Looking at things from a separate perspective, I think it’s important to acknowledge how current mothers and children are treated under Australian laws. Very recently Naima Ahmed, a 22 year-old Somali refugee currently in Nauru’s “care”, was not granted basic respect to give birth to her child in a safe, pain-free environment. On the 13th of May, she was reported as being “now in a critical condition…and we don’t know how likely the baby is going to recover either.” Within this example I don’t mean to suggest that no one should ever be able to have children that they will undoubtedly care for, however it is distressing that all of these elements are operating underneath one very white and very privileged government.
This is without also taking into account the stress and expectation placed upon those of us who are expected to have children, even if it’s not biologically possible for some. Let alone the children in our country who already go without much needed care and education, especially our Aboriginal and Torres Straight Islander communities, who do not have the support and respect needed to raise their younger generations in ways that holds importance and relevance to their traditions.
A study in 2008 explained that despite recent improvements, Indigenous Australians “aged 15 and over were still half as likely as non-Indigenous Australians to have completed school to year 12… (23% compared with 49%).” Poor healthcare and facilities has also contributed to “approximately twice as many low birth weight infants…” being born to Indigenous mothers. This data may be a few years old, but the way our First Nations Peoples are treated is still deplorable, and continues to affect Indigenous Australians.
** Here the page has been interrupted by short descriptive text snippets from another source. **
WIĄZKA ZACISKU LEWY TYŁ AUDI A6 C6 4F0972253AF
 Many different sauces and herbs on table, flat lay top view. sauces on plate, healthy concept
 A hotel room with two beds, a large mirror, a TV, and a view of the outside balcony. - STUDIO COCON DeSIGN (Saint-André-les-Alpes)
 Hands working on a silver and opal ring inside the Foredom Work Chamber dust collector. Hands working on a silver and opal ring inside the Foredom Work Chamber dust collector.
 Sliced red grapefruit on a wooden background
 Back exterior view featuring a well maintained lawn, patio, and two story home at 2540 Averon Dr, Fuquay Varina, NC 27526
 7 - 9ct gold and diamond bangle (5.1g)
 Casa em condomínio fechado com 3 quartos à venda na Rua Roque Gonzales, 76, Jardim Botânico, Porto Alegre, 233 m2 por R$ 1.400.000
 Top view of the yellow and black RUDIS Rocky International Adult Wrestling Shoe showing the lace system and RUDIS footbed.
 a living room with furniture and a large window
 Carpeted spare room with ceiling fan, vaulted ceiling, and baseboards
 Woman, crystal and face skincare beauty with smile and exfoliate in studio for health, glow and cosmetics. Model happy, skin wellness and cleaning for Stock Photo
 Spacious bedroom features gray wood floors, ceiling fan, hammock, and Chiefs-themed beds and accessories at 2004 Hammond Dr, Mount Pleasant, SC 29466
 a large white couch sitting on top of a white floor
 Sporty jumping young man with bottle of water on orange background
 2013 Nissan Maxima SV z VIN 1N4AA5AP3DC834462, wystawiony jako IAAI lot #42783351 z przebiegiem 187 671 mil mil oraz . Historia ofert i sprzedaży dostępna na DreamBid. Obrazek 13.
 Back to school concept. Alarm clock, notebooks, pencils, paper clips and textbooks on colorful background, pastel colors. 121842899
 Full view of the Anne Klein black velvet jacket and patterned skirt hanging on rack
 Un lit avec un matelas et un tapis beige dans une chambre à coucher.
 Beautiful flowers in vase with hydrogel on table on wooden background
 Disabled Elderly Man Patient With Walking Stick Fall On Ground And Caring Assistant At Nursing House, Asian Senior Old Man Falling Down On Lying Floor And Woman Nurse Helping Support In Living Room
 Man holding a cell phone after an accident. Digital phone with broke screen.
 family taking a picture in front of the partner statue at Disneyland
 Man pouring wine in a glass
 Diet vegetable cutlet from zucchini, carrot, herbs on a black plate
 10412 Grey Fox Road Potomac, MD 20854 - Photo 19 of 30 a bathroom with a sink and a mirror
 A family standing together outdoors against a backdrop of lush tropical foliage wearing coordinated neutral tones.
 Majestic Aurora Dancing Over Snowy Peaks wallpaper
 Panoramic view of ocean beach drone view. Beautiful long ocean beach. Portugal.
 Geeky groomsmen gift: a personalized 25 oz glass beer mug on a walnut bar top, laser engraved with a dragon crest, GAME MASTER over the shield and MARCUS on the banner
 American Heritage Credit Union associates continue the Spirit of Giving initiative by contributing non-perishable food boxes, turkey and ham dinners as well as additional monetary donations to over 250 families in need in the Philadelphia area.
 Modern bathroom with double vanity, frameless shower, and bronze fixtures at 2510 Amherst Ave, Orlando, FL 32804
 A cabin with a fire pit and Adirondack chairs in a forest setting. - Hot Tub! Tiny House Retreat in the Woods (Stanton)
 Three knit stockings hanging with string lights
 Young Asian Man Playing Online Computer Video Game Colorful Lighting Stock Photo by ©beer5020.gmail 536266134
I recognise that my take on this topic is extremely bleak and pessimistic, with little regard for what is good in our curious little universe. As someone who is involved in art and performance, I’m consistently exposed to and inspired by many people spreading positive work into the world. Any miniscule experience could alter my choices, as well as unknown interactions and relationships that may unfold in the future. Yet, at this point in time, having a child is just not within my current life plan, for reasons that are economic and political, as well as recognising the infuriating level of care for those who are socially disadvantaged. This could definitely change, and I’m open to the idea of that – especially because of the damn fine parental personality traits that I possess.
So hey, future child of mine, if you exist then I hope I’m doing right by you, and if not, then I’ll do my absolute best to make this world better for everybody else.